Beitragvon Malea » 7. Jan 2011, 10:32

Das ist eine interessante Frage, habe ich mir auch schon gestellt, zumal ich gerade dabei bin, den für mich idealen Weg diesbezüglich zu finden.

Ich glaube auch, wie Kia schon schreibt, dass es für viele hilfreich ist, um überhaupt die Gefühle zu erkennen und im Anschluss herauszufinden, was will ich eigentlich und was nicht.

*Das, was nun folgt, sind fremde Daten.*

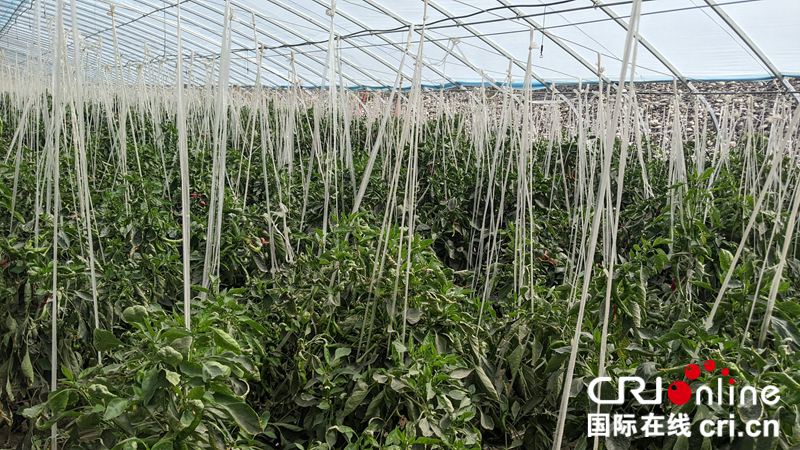 向戈壁滩要土地 馕饼撑起新希望 南疆特色产业发展初见成效_fororder_yl202110080013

Ich selbst war ja lange Zeit auf dem Trip, dass es für mich sehr wichtig ist, alles gleich heraus zu lassen, nachdem ich als Kind und Jugendliche alles mit mir ausgemacht hatte, jedoch auch noch nicht in der Lage war, positiv mit Dingen umzugehen. Das ging so lange, bis ich einen richtigen Zusammenbruch hatte und ich empfand es als befreiend, von nun an wirklich alles mit anderen zu teilen. Musste das auch erst lernen.

In den letzten Jahren habe ich dann gemerkt, dass es vielelicht doch nicht immer hilfreich ist, und inzwischen sehe ich es so, dass man durchaus über Dinge reden kann und es mir teilweise auch hilft, doch ich gehe da ander heran.
Denke erst für mich darüber nach, bis ich mich beruhigt habe und etwas Abstand gewonnen habe, und dann kommt es auch nicht mehr so negativ rüber, dann bringe ich etwas an, ohne einen anderen direkt anzugreifen, ohne dabei total negtive Gefühle zu haben. Ich denke dann kann es durchaus hilfreich sein, zu sagen, was in einem vorgeht,denn ich stelle die Dinge einfach so hin, ohne jetzt eine Änderung erzwingen zu wollen.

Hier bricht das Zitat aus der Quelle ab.